Essas foram as descobertas do Núcleo de Combate à Corrupção de Brasília, segundo os relatórios obtidos pela Época.
Diz a reportagem:
“Embora fundamentadas em meses de trabalhos, as constatações dos procuradores ainda não são definitivas. Eles ainda estão produzindo outros tipos de provas, de modo a embasar firmemente uma denúncia contra Lula, diretores da Odebrecht e executivos do BNDES”.

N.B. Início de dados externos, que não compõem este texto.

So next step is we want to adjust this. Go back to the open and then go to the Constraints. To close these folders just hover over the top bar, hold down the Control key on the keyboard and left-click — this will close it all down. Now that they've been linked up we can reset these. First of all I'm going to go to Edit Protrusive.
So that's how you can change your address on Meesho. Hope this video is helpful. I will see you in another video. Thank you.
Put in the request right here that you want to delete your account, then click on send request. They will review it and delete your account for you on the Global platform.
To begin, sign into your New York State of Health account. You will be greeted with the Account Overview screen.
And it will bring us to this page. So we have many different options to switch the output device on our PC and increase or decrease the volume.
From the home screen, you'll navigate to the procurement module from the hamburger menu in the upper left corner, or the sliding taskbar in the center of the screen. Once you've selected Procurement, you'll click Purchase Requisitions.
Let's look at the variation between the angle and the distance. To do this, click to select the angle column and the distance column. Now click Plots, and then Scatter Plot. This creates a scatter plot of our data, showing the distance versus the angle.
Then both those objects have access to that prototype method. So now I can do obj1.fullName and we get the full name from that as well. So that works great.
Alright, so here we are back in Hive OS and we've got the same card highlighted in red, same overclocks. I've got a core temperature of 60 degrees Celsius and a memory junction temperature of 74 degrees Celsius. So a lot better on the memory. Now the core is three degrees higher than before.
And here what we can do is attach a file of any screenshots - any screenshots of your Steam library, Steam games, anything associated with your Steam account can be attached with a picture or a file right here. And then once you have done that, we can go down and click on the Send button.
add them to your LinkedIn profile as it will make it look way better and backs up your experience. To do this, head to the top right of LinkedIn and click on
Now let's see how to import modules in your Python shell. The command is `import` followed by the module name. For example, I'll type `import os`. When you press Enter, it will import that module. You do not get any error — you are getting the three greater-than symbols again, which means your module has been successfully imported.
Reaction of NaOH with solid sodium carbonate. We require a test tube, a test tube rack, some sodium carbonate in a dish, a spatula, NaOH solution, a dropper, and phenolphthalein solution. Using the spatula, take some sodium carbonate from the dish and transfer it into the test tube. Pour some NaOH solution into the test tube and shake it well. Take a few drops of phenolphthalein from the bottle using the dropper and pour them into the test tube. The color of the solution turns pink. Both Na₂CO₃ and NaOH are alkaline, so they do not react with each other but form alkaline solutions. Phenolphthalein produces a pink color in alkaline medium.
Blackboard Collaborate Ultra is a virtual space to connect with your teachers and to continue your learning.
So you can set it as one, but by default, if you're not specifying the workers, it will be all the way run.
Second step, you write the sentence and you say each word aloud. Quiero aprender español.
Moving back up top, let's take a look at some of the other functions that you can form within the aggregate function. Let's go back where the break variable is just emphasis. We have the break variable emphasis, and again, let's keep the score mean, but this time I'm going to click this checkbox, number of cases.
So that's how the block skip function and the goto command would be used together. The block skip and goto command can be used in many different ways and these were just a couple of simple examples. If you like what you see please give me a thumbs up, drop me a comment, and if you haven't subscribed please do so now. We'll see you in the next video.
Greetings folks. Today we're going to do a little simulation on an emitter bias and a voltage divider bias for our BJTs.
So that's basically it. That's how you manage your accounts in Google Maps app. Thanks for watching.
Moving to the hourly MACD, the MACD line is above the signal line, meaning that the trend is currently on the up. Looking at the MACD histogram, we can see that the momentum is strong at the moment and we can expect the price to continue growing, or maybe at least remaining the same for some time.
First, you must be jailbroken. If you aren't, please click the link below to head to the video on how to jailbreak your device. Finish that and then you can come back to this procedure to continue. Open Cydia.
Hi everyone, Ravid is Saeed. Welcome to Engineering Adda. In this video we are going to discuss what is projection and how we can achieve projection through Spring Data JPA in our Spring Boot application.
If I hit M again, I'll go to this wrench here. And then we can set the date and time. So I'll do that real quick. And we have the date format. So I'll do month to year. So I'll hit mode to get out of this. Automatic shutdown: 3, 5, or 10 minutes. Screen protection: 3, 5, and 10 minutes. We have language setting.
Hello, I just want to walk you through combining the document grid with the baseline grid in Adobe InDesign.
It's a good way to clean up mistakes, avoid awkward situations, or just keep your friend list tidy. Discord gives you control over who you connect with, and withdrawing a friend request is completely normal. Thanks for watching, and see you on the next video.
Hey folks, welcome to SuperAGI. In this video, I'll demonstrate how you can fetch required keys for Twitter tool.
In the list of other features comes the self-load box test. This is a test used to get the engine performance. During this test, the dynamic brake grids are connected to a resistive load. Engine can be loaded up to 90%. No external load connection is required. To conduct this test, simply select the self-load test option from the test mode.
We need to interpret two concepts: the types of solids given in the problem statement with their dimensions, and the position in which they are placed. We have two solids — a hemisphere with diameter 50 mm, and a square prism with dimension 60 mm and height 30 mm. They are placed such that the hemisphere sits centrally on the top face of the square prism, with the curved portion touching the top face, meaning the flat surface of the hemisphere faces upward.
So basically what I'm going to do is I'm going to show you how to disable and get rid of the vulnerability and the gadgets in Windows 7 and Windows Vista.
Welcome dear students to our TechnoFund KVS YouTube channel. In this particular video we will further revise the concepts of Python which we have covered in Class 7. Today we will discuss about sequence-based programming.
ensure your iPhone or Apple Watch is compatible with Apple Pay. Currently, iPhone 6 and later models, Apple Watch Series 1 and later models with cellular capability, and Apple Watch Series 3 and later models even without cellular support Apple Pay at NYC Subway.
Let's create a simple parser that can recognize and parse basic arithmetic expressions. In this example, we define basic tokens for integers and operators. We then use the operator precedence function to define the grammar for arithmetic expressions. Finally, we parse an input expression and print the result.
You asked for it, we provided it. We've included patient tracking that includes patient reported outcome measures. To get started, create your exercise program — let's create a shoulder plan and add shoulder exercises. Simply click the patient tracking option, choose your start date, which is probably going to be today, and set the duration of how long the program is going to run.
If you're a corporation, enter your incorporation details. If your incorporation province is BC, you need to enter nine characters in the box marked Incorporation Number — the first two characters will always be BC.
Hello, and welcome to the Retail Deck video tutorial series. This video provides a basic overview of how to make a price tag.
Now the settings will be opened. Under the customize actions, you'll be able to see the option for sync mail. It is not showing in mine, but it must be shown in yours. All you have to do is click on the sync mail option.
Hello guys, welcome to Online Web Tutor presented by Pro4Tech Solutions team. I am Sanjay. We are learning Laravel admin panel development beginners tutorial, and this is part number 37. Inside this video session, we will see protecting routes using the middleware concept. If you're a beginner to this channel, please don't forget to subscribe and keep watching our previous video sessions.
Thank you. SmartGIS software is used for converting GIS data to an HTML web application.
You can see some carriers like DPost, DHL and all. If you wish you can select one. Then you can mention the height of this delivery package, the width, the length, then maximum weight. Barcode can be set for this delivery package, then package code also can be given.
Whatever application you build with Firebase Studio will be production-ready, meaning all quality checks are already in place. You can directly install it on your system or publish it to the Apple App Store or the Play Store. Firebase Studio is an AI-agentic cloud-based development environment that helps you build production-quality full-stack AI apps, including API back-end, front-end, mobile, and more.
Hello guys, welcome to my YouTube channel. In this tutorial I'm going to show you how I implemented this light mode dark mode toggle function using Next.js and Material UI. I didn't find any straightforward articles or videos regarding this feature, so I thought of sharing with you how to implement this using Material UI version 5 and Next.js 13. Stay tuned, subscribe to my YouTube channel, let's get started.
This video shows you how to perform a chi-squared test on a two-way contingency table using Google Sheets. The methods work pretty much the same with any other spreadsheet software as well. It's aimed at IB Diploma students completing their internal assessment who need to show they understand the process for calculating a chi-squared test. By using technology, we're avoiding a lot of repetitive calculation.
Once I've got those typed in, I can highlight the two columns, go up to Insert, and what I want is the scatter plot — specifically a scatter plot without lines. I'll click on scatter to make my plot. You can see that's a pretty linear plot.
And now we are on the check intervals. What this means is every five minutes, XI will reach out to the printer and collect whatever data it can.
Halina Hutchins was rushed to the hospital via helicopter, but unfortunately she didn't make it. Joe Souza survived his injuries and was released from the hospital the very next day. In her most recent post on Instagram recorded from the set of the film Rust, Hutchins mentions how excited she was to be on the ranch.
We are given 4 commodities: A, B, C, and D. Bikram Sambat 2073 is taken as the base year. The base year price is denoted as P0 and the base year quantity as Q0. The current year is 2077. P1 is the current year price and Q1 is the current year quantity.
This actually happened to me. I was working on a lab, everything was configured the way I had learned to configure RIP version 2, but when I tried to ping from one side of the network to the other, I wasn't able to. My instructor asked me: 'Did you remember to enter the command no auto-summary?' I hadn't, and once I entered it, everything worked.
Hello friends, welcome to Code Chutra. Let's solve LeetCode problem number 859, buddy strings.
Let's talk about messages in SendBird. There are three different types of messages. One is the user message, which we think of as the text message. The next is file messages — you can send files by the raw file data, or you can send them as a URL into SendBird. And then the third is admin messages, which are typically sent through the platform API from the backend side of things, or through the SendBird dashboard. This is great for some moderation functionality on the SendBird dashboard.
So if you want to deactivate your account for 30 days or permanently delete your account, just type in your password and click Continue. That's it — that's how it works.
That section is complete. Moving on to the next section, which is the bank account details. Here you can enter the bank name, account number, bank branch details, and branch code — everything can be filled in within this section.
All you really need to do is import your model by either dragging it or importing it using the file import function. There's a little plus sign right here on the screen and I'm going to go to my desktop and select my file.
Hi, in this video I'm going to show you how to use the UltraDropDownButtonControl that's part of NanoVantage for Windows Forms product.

"FERNANDO BITTAR CONFIRMOU JUNTO À DAMA"

Fernando Bittar é o laranja de Lula. As mensagens no celular de Léo Pinheiro, reproduzidas pela Veja, esclarecem esse fato de uma vez por todas. Uma das mensagens é particularmente reveladora. Ela foi enviada a Léo Pinheiro por um funcionário da OAS, provavelmente Roberto Moreira Ferreira, indicado por O Antagonista como o primeiro a procurar a Kitchens para encomendar as cozinhas de Lula. A mensagem é de 10 de março de 2014, três dias antes da compra. Diz: "Dr. Léo, o Fernando Bittar confirmou junto à Dama os projetos, tanto do Guarujá como do sítio. Só a cozinha Kitchens completa pediram 149 mil, ainda sem negociação. Posso começar na semana que vem?" Léo Pinheiro responde: "Ok". Fernando Bittar teve de pedir o beneplácito da "Dama" - ou Marisa Letícia - para instalar a cozinha numa propriedade registrada em seu próprio nome. Mais do que isso: ele cuidou também da cozinha no Guarujá. Fernando Bittar, de fato, é mais do que o laranja de Lula. Ele é seu empregado. 


A Dama confirmou

Dilma no forno

Lula não vai se queimar sozinho. Dilma Rousseff está no forno junto com ele. A Veja informa que, nos próximos dias, Fernando Pimentel deve ser denunciado pela Procuradoria-Geral da União. Não existe Fernando Pimentel sem Dilma Rousseff. Como demonstrou o TRE de Minas Gerais, o dinheiro ilegal da campanha do governador foi parar na campanha da presidente.